* STUDY MATERIAL
= Beginning of Section =

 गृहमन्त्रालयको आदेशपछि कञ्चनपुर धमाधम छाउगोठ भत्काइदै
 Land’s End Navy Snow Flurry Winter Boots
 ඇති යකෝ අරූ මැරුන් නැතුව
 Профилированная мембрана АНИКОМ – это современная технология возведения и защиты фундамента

= End of Section =
= Beginning of Section =

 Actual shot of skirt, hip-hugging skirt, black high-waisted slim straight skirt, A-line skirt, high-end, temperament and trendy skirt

= End of Section =
= Beginning of Section =

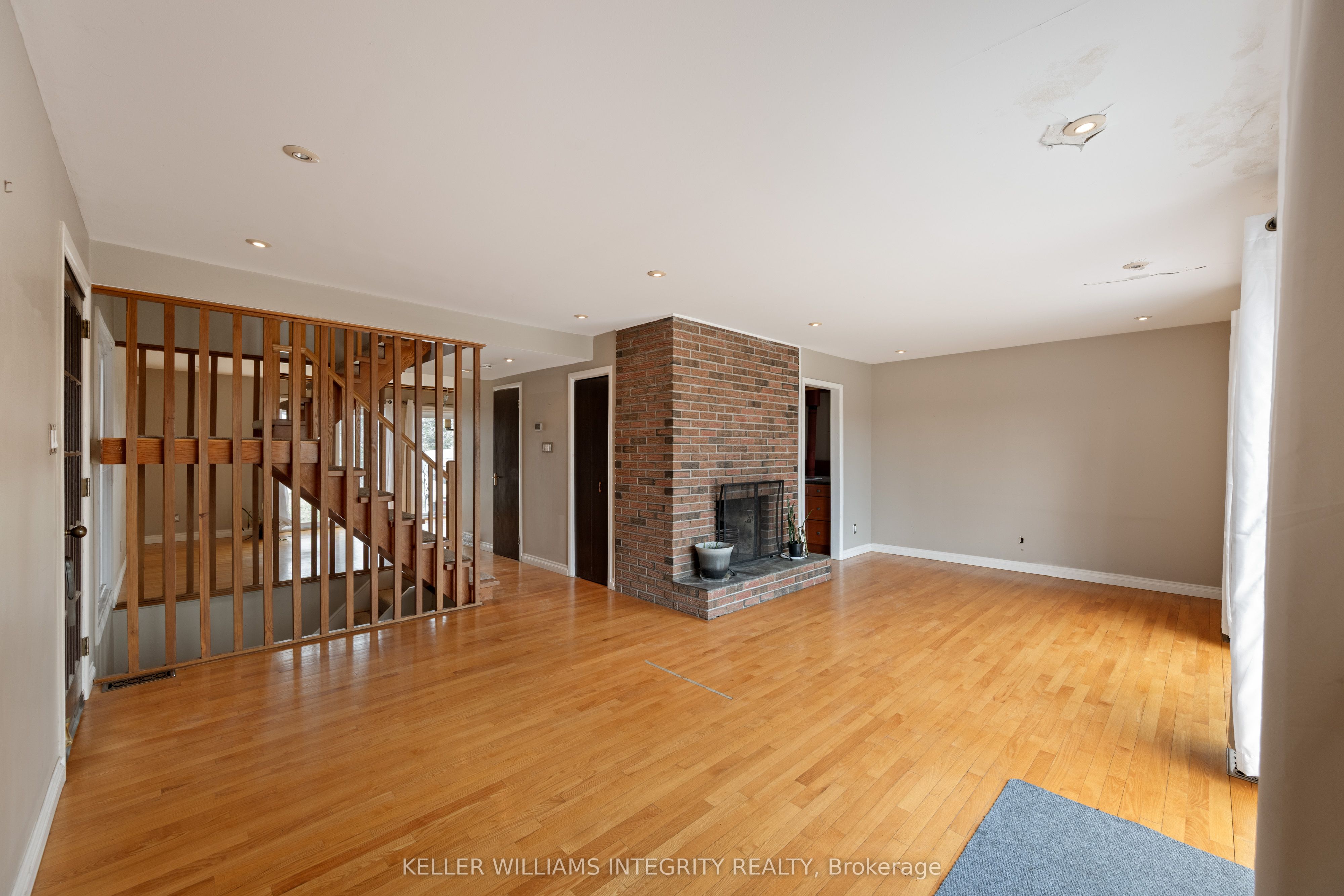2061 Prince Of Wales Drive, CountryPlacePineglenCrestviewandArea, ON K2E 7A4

= End of Section =

* PROBLEM TO SOLVE
Among the entries above, copy exactly only the lines starting with the one containing "गृहमन्त्रालयको आदेशपछि कञ्चनपुर" and going through the one containing "Профилированная мембрана АНИКОМ", both ends included.

* EXERCISE RESULT
 गृहमन्त्रालयको आदेशपछि कञ्चनपुर धमाधम छाउगोठ भत्काइदै
 Land’s End Navy Snow Flurry Winter Boots
 ඇති යකෝ අරූ මැරුන් නැතුව
 Профилированная мембрана АНИКОМ – это современная технология возведения и защиты фундамента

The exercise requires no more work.